Primary Text: Matthew 24:36-44 (Expository (Deep))

Scripture Saturation: Verses Read: 10 | Referenced: 1 | Alluded: 1

Key References: Book of Daniel

Christological Connection: Redemptive Trajectory: The sermon connects Christ's incarnation and future return to God's continuous project of reshaping the world, inviting believers to actively participate in this redemptive work in the 'between times'. It grounds the call to action in the historical and future work of Christ.

🧱 Sermon Outline

  • Introduction to Advent and the 'Between Times' [00:25:12 ▶️ 📄] : The speaker introduces the season of Advent, clarifying its liturgical timing and purpose as a time to prepare for Christ's coming and coming again, living in the 'between times'.
  • Critique of Rapture Theology [00:29:05 ▶️ 📄] : The speaker critiques the popular 'rapture' interpretation of Matthew 24, tracing its origins and explaining how it misreads Jewish apocalyptic imagery, leading to an escapist theology.
  • The True Question of Advent: Faithful Living Now [00:31:12 ▶️ 📄] : The central question of Advent is presented: how to live faithfully in the present moment, participating in God's project to reshape the world, rather than seeking escape.
  • Don't Trust Institutions: The Temple Story [00:32:35 ▶️ 📄] : Jesus' warning about the Temple's destruction is used to illustrate that earthly institutions and old orders are passing away, and disciples should not cling to them but be faithful in the moment.
  • Reinterpreting Noah: The Faithful Remnant [00:34:17 ▶️ 📄] : The Noah story is reinterpreted, arguing that those 'swept away' were the unrighteous, and the 'left behind' (Noah and his family) were the faithful remnant, central to God's ongoing work.
  • Active Waiting and Mission [00:35:49 ▶️ 📄] : The sermon emphasizes that the point is not escape, but the disciple's active stance in a changing world, engaging in the mission of Jesus through preaching, teaching, mercy, justice, and righteousness.
  • Danger of Spiritual Laziness and Call to Action [00:39:09 ▶️ 📄] : The speaker warns against spiritual laziness resulting from escapist theology and calls the congregation to active participation in healing and renewing the world, focusing on 'how' and 'what' they are building now.
  • Conclusion: The Time for Faithful Work is Now [00:40:23 ▶️ 📄] : The sermon concludes by reiterating that Advent calls for alertness, watching, waiting, working, and planting seeds of God's new creation, emphasizing that the time for faithful revolutionary work is now.

🗝️ Key Topics & Themes

  • Advent : The liturgical season of preparation for Christ's coming.
  • Hope : Living in hope for God's future and active participation in it.
  • Rapture : Critique of the theological concept of a sudden, physical removal of believers from earth.
  • Eschatology : The study of end times, reinterpreted as God's ongoing work in the present.
  • Faithful Living : The call to live righteously and actively in the 'between times' of Christ's comings.

✅ Commendations

Hermeneutics | Faithful Exegesis of a Difficult Text

The sermon courageously tackles Matthew 24, a passage frequently misinterpreted. The exegesis, particularly the re-framing of the Noah story to show that the unrighteous were 'swept away' and the faithful were 'left behind', was scripturally sound and effectively dismantled the foundation of the popular 'rapture' reading.

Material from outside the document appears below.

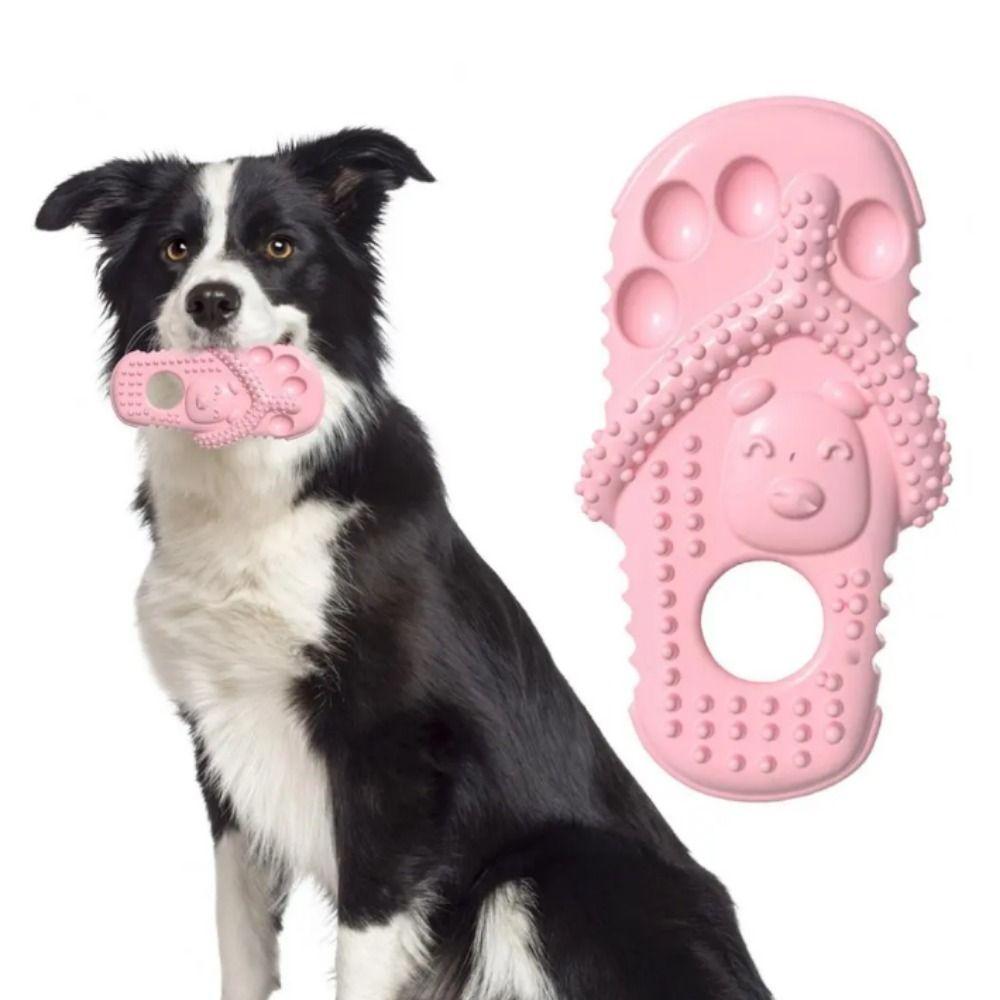 TPR Dog Interactive Toys Interactive Dog Teething Toys Slipper Shape Dog Chew Toys  Relieve Boredom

Polemical Theology | Clear Correction of Popular Error

The speaker clearly and charitably identified and corrected the dispensationalist 'rapture' theology, tracing its relatively recent historical origins and explaining its theological flaws. This is a vital pastoral task that equips the congregation to discern truth from error.

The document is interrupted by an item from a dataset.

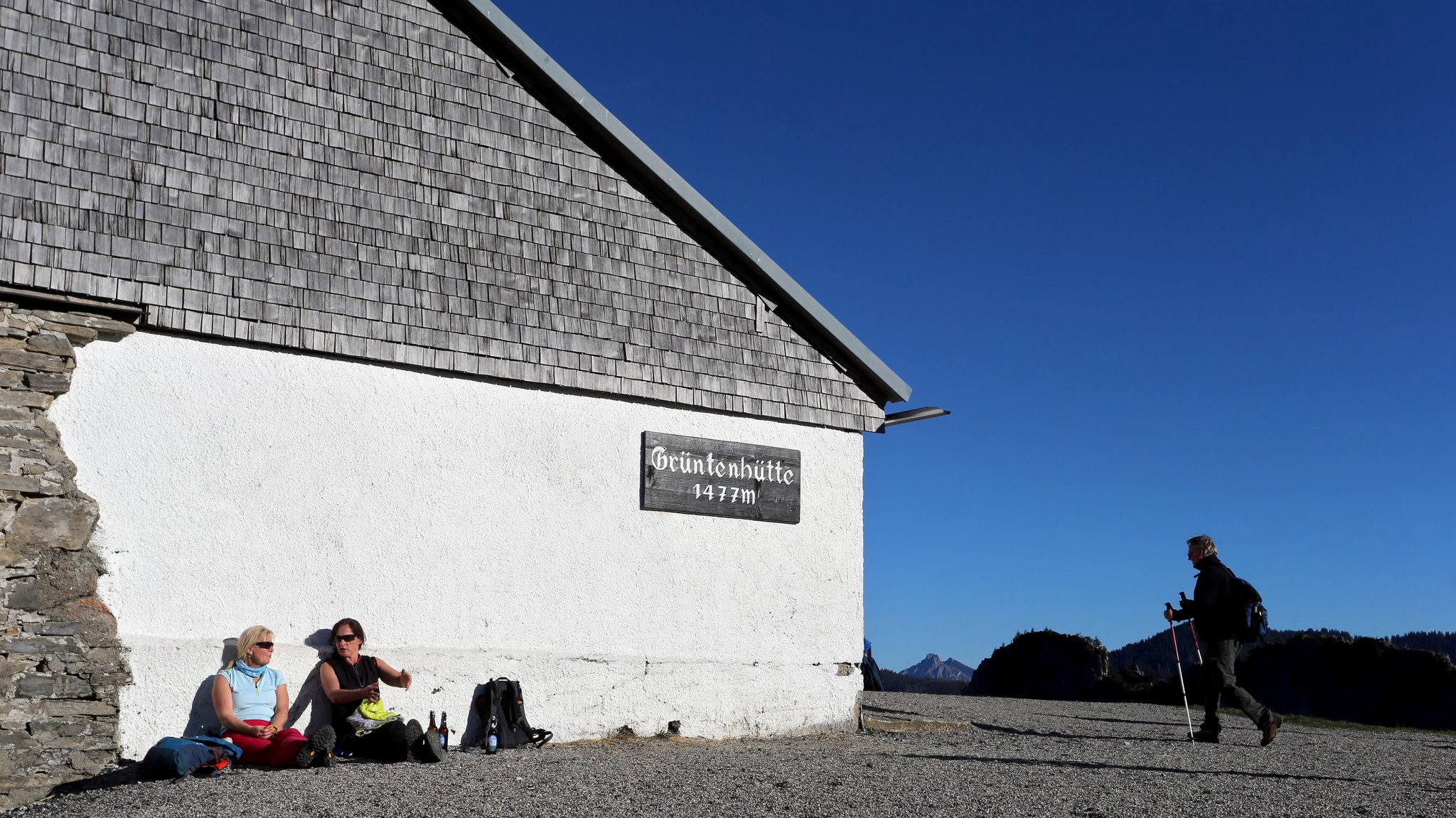 Die Grüntenhütte vor der Kernsanierung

Homiletics | Strong Missional Application

The sermon successfully connected eschatology to ethics. The doctrine of Christ's return was not presented as a cause for speculation or escapism, but as the primary motivation for active, faithful work in justice, mercy, and creation care in the present.

Ecclesiology | Liturgical Integrity

The inclusion of a corporate confession of sin and absolution, as well as the recitation of the Apostles' Creed, grounded the service in historical orthodoxy and provided a solid theological framework that buttresses the sermon's teaching.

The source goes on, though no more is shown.